Régime de pensions du Canada (RPC) – invalidité

Informations sur la décision

Contenu de la décision



Sur cette page

Décision et motifs

Décision

[1] L’appel est rejeté. La décision de la division générale est confirmée.

Aperçu

[2] E. T. (requérante) a fait sa formation scolaire en Hongrie et gérait une entreprise de toilettage pour chiens avant son arrivée au Canada. Une fois au Canada, elle a suivi des cours d’anglais langue seconde pendant environs six mois. La requérante a ensuite travaillé dans différentes usines et occupé d’autres emplois exigeants sur le plan physique. Elle a cessé de travailler après avoir subi une fracture au poignet gauche l’empêchant d’utiliser sa main gauche au travail. Elle a présenté une demande de pension d’invalidité du Régime de pensions du Canada en affirmant qu’elle était invalide à cause de cette blessure, lui causant des limitations physiques, ainsi que de problèmes de santé mentale.
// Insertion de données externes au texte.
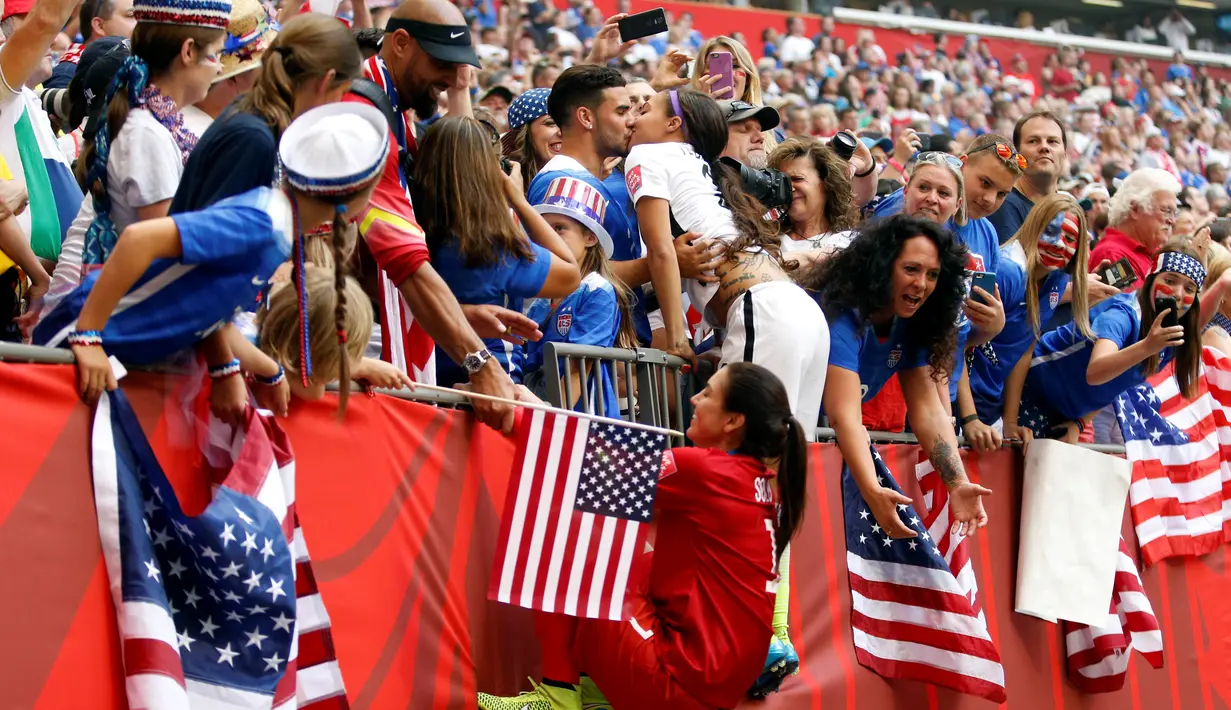 Striker AS, Sydney (2), merayakan juara bersama suaminya, Dom Dwyer, dan demikian juga kiper AS, Hope Solo merayakan bersama sang suami, Jerramy Stevens. (Reuters/Michael Chow-USA TODAY Sports)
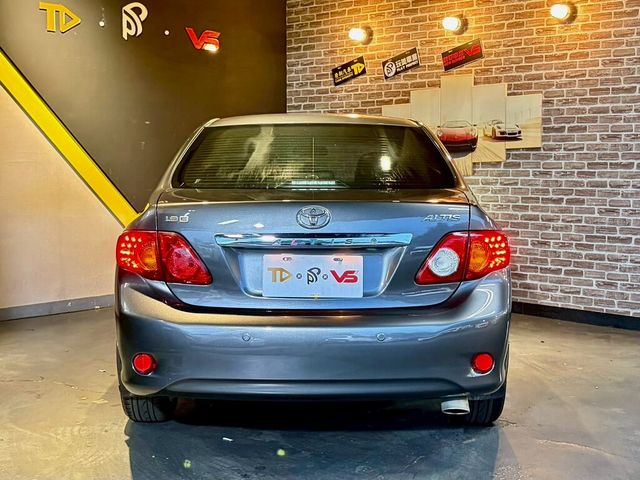 TOYOTA豐田 ALTIS  第4張相片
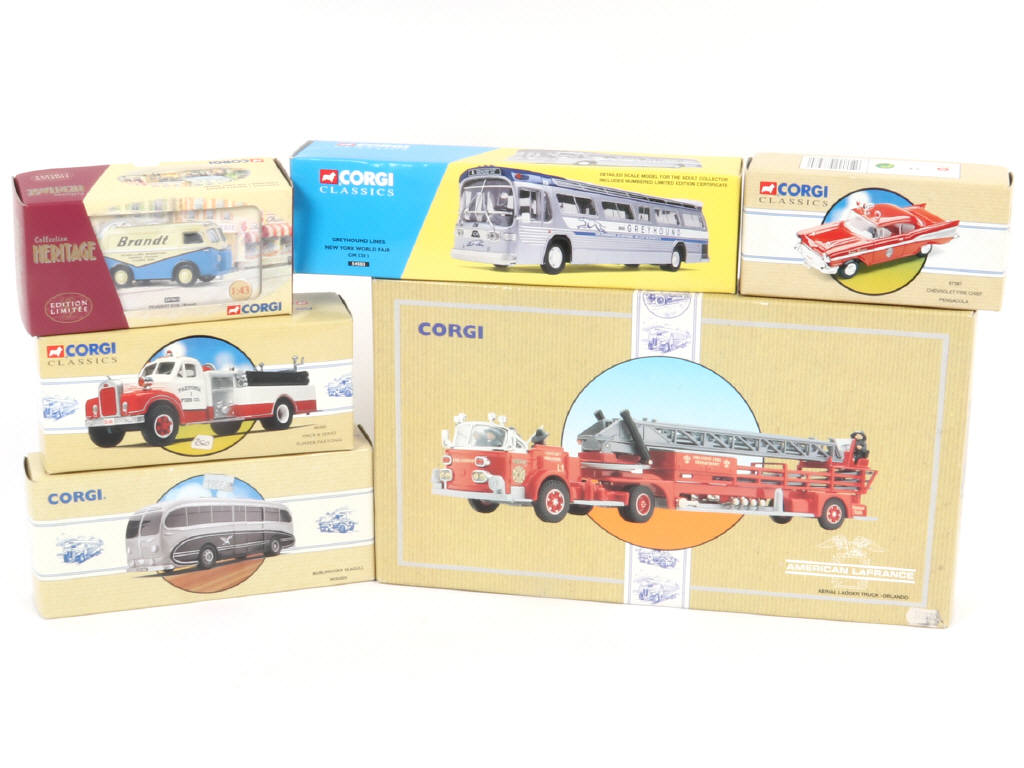 Lot 158 - CORGI TOYS (GB) (6)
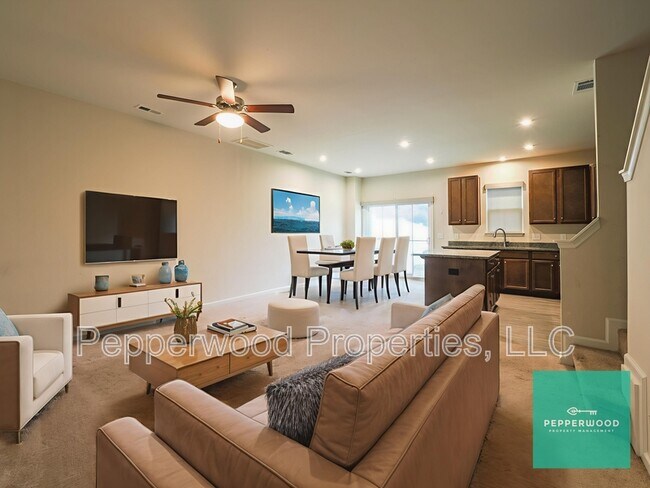 Photo - 311 Weststone Walk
[3] Le ministre de l’Emploi et du Développement social a rejeté la demande. La requérante a interjeté appel de cette décision devant le Tribunal de la sécurité sociale. La division générale du Tribunal a rejeté l’appel après avoir conclu que les limitations physiques de la requérante ne la rendaient pas régulièrement incapable de détenir une occupation véritablement rémunératrice.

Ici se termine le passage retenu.